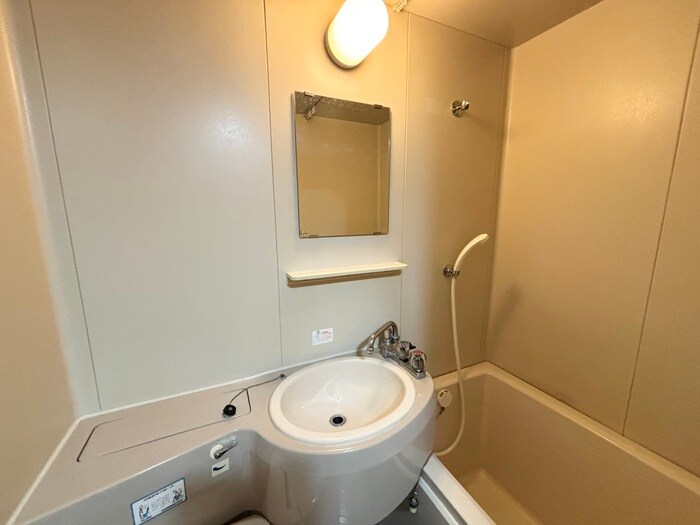 物件内観写真13　(洗面)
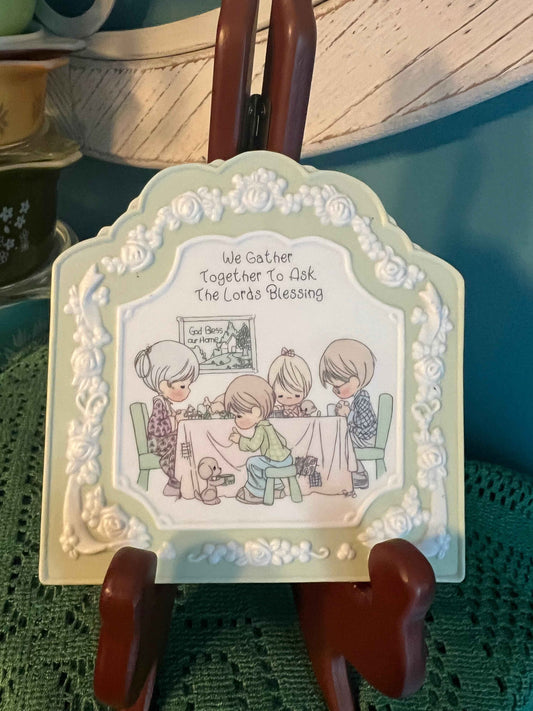 Precious Moments Porcelain Wall Plaque – “We Gather Together To Ask The Lord’s Blessing” – 1994 Family Prayer Scene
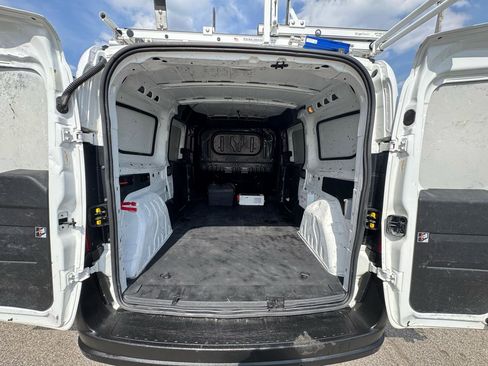 Used 2019 RAM ProMaster City Tradesman image 18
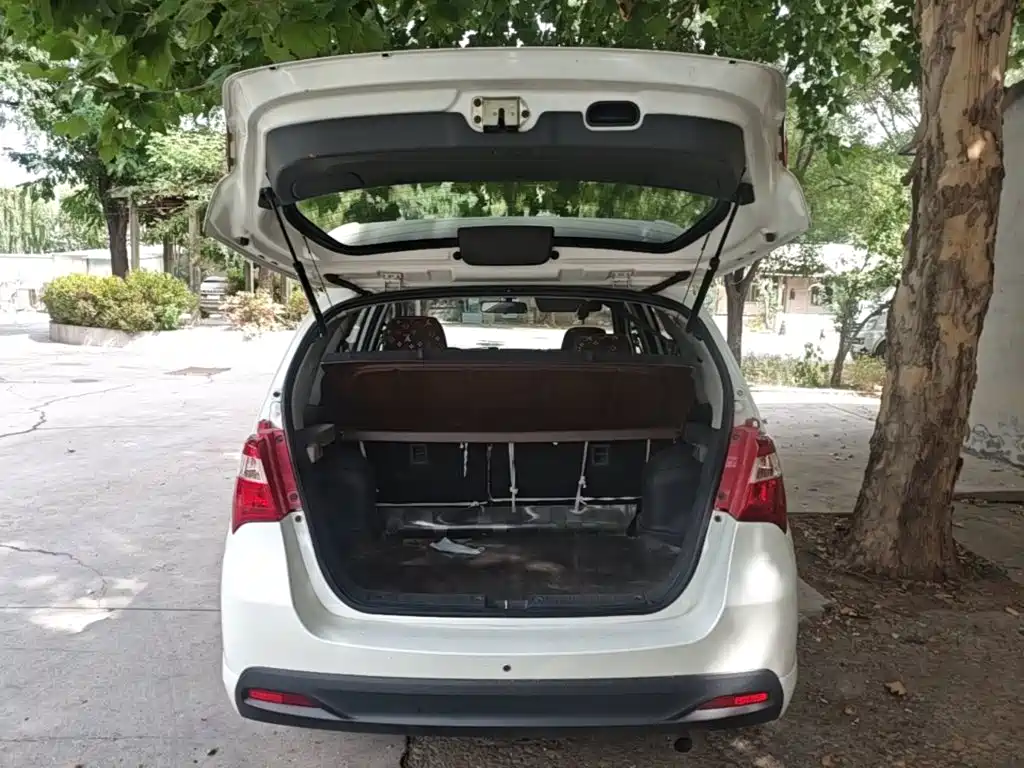Suzuki Liana A6 — миниатюра 19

**YOUR INSTRUCTIONS**. Copy out every line of the data exactly, leaving the images behind.

**RESULT BELOW**.
 物件内観写真13　(洗面)
 Precious Moments Porcelain Wall Plaque – “We Gather Together To Ask The Lord’s Blessing” – 1994 Family Prayer Scene
 Used 2019 RAM ProMaster City Tradesman image 18
Suzuki Liana A6 — миниатюра 19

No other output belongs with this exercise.